One might note that the N coupled equations of motion for the 3D wave functions (Equation (6)) are more complex than the single Schrödinger equation on configuration space. This reflects a deliberate choice: prioritizing physical transparency over mathematical compactness. The additional term ${\mathcal{Q}}_{-i}(x,t)$ is not mere mathematical clutter, but the explicit representation of non-local quantum interaction in ordinary three-dimensional space. In contrast, the configuration–space formulation provides a compact global encoding of the same dynamics. The two descriptions are mathematically equivalent, but emphasize different aspects of the theory.

5. Philosophical Positioning and Relation to Alternative Approaches

Having established the dynamics and conceptual features of the 3D ontology, we now position it with respect to rival interpretations, including configuration-space realism, the nomological view, and other approaches that seek to ground quantum mechanics in 3D space.

5.1. The Choice of Formalism: Realism vs. Anti-Realism

Any realist interpretation of quantum mechanics is implicitly rooted in the Schrödinger picture, where reality is composed of ’beables’ (like particles and fields) that have a state and evolve in time. This choice is deliberate.

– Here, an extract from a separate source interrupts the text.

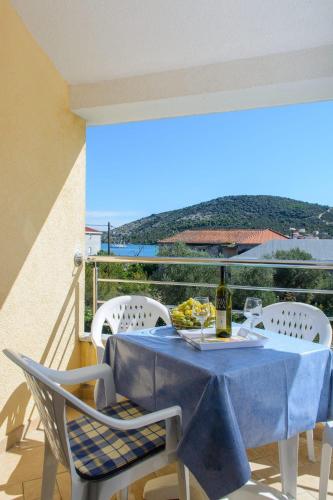 Apartments Anton - image 9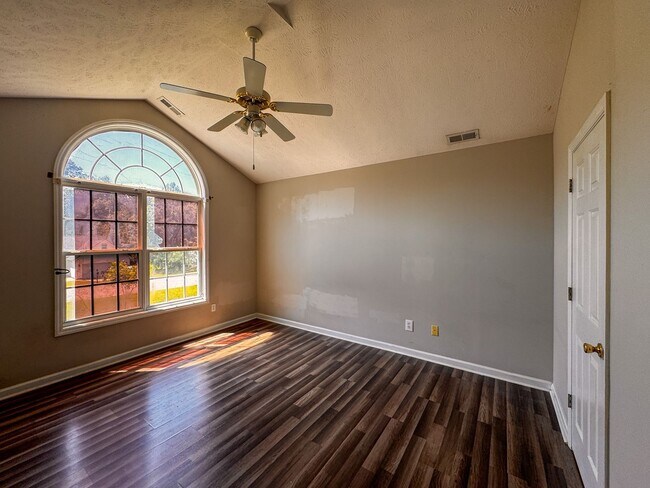 Building Photo - Charming 3 Bed 2 Bath Plus Bonus Room in Raeford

The primary alternative, the Heisenberg picture, is more naturally aligned with the anti-realist Copenhagen interpretation. In the Heisenberg picture, the state vector is static, and the ’observables’ (represented by operators) evolve. This formalism is philosophically suited to an instrumentalist view, where physics is only about the outcomes of measurements (observables) and not an underlying ’story’ of reality. The concept of a ’beable’ fits awkwardly, if at all.

Our framework, in contrast, is fundamentally realist. By choosing the Schrödinger picture, we accept that there is a ’story’ of reality evolving in spacetime. The central question for us is not if there are beables, but what they are. The standard Bohmian answer is ’particles and a global $\mathsf{\Psi }$’. This paper argues for a more coherent answer: ’particles and their 3D fields ${\psi }_i$’.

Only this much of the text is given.